QUELQUES LOIS SUR L'ÉDUCATION
– La loi Guizot (1833) signe la naissance de l’école primaire publique et légalise les écoles privées. Un ensemble de moyens accompagnent cette création : une école normale de formation d’instituteurs par département (salaire de l’instituteur financé par l’État) et une école par commune constituée d’une classe unique assurant tous les niveaux d’enseignement. Un uniforme, la blouse, destiné à mettre tous les élèves sur un pied d’égalité. Pour matériel, une ardoise (remplacée après 1881 par le cahier), des manuels scolaires et le tableau mural de « leçon de choses » en guise de travaux pratiques. Matières prioritaires : la lecture, l’écriture, le calcul, l’instruction morale et religieuse et les sciences de la nature. En 1880, 80 % des garçons entre 6 et 13 ans seront scolarisés, de façon inégale selon les régions et les saisons.

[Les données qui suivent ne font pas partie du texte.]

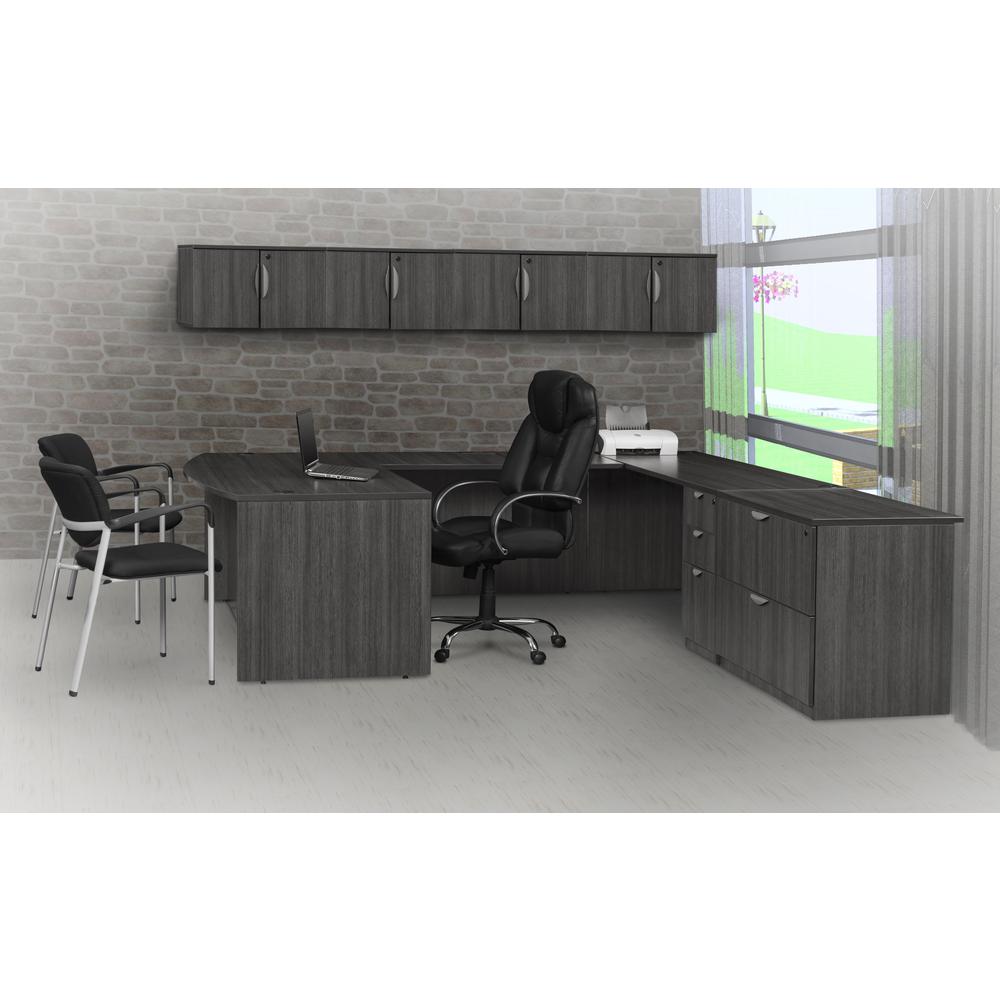 Legacy 71" Bowfront Desk Shell- Ash Grey. Picture 5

- La loi Falloux(1850) (à compléter)
– La lois Jules Ferry (1881-1882), est la conséquence de la guerre de 1870 perdue contre la Prusse, où les soldats allemands avaient été jugés plus instruits que les soldats français. Ces lois rendent l’école obligatoire pour tous, filles comprises, en font un service public fondé sur la gratuité et une école républicaine en instaurant la laïcité de l’enseignement. Elles visent aussi à introduire les idées républicaines dans les régions les plus isolées et à souder l’unité de l’État-nation par l’utilisation exclusive de la langue française. On apprend l’histoire « héroïque » de la France et la géographie ; l’éducation morale et l’instruction civique communiquent l’amour de la nation-patrie. On éduque contre l’alcool et la violence, on explique les règles d’hygiène. Le mérite est gratifié, notamment par la distribution des prix de fin d’année.

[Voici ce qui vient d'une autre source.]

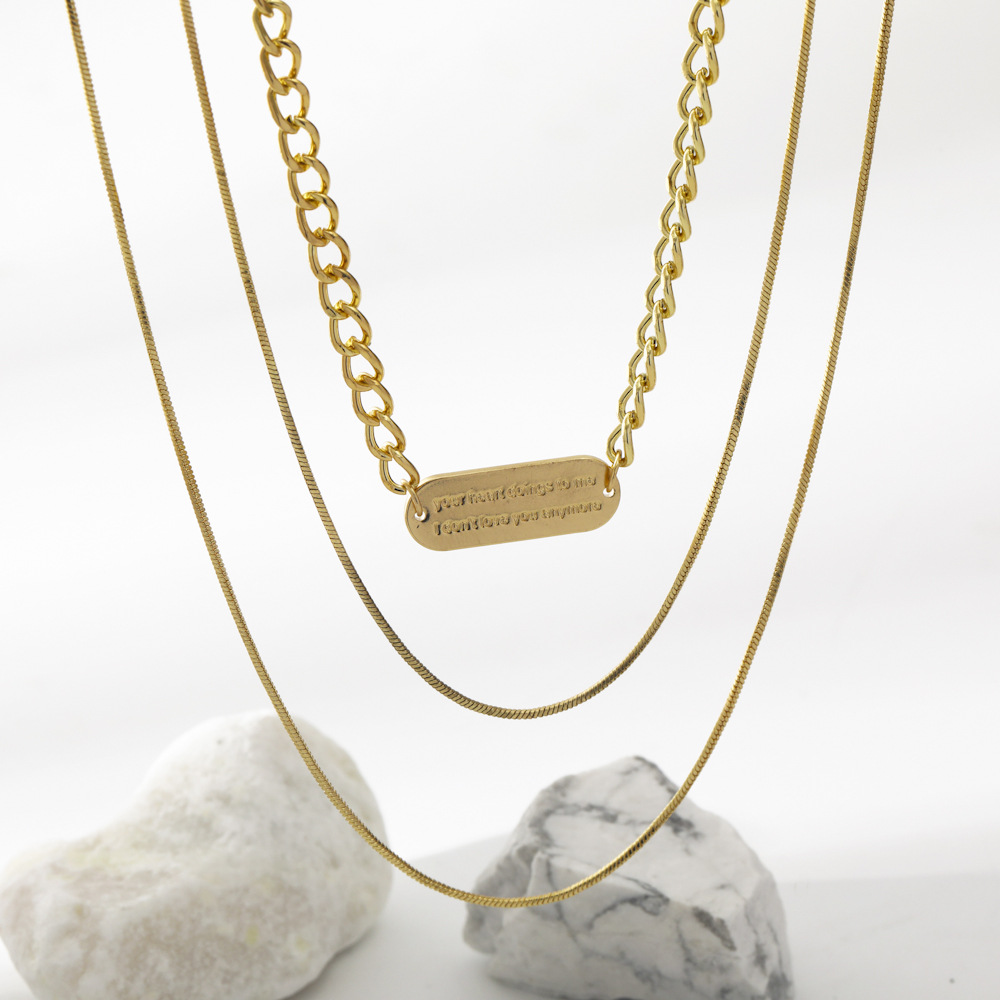 Fashion Heart Shape Lock Alloy Plating Womenu0027S Layered Necklaces 1 Piece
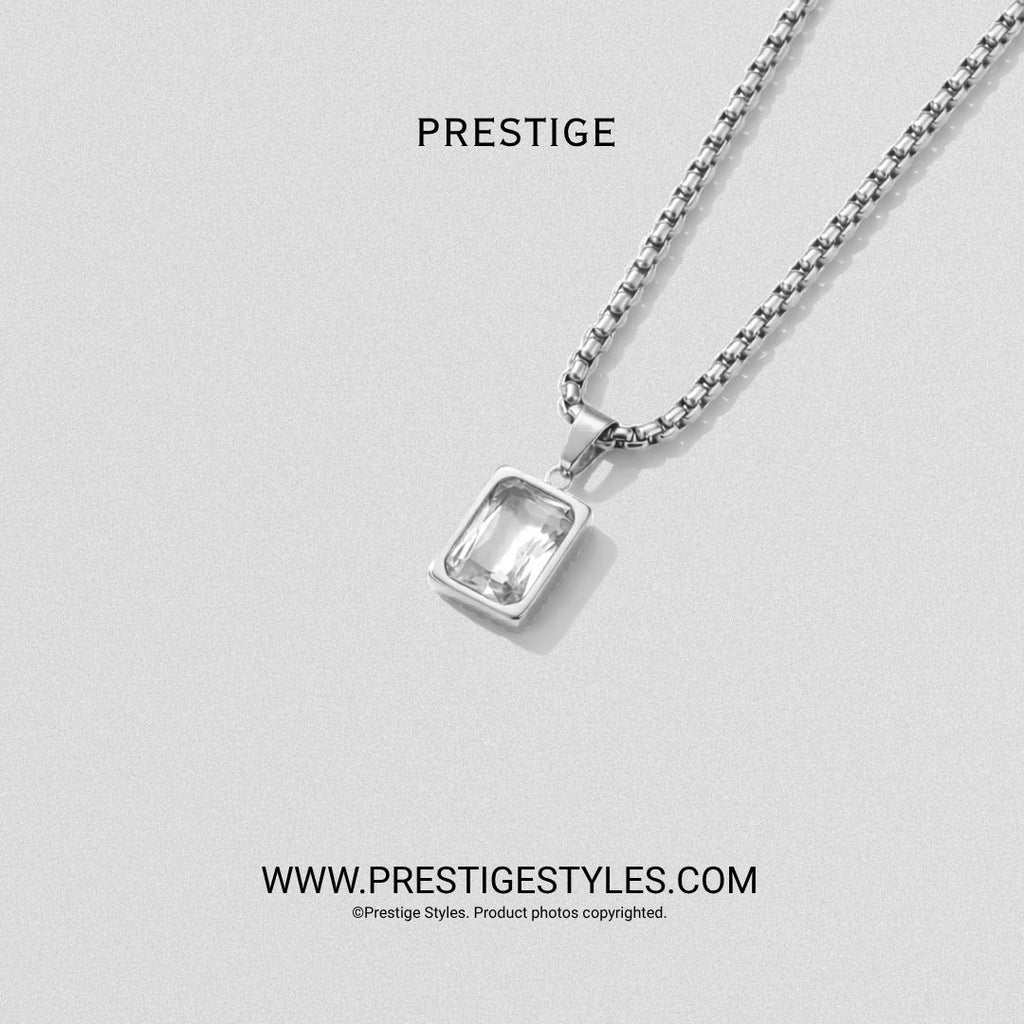 Grimline Silver Pendant With Chain - Prestige Styles - Bangladesh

– La loi Berthoin (1959) manifeste la volonté d’élever massivement le niveau culturel général de la population et d’y recruter des élites, toujours sur une base démocratique, pour répondre aux nouveaux besoins liés à la croissance économique. Sont adoptées les mesures suivantes : scolarité jusqu’à 16 ans (1936 l’avait montée à 14 ans) ; réforme du collège avec un cycle initial commun d’orientation de deux ans (objectif : égalité des chances, au mérite, sans distinction d’origine sociale), se distribuant ensuite pour deux années entre collège d’enseignement général (CEG) et collège d’enseignement technique (CET), cursus validés par une certification. La même année, la loi Debré établit un contrat entre l’État et les écoles privées qui, acceptant les objectifs de l’enseignement public « sans distinction de croyances, d’opinion, dans le respect total de la liberté de conscience », rempliront une fonction de service public et bénéficieront de subventions publiques. En quatre ans, la scolarisation augmente de 66 %. Elle atteindra son taux maximum dans les années 1980 avec l’objectif d’un taux de réussite au bac de 80 % d’une classe d’âge. Cet enseignement de masse sécrétera aussi son taux d’échec scolaire.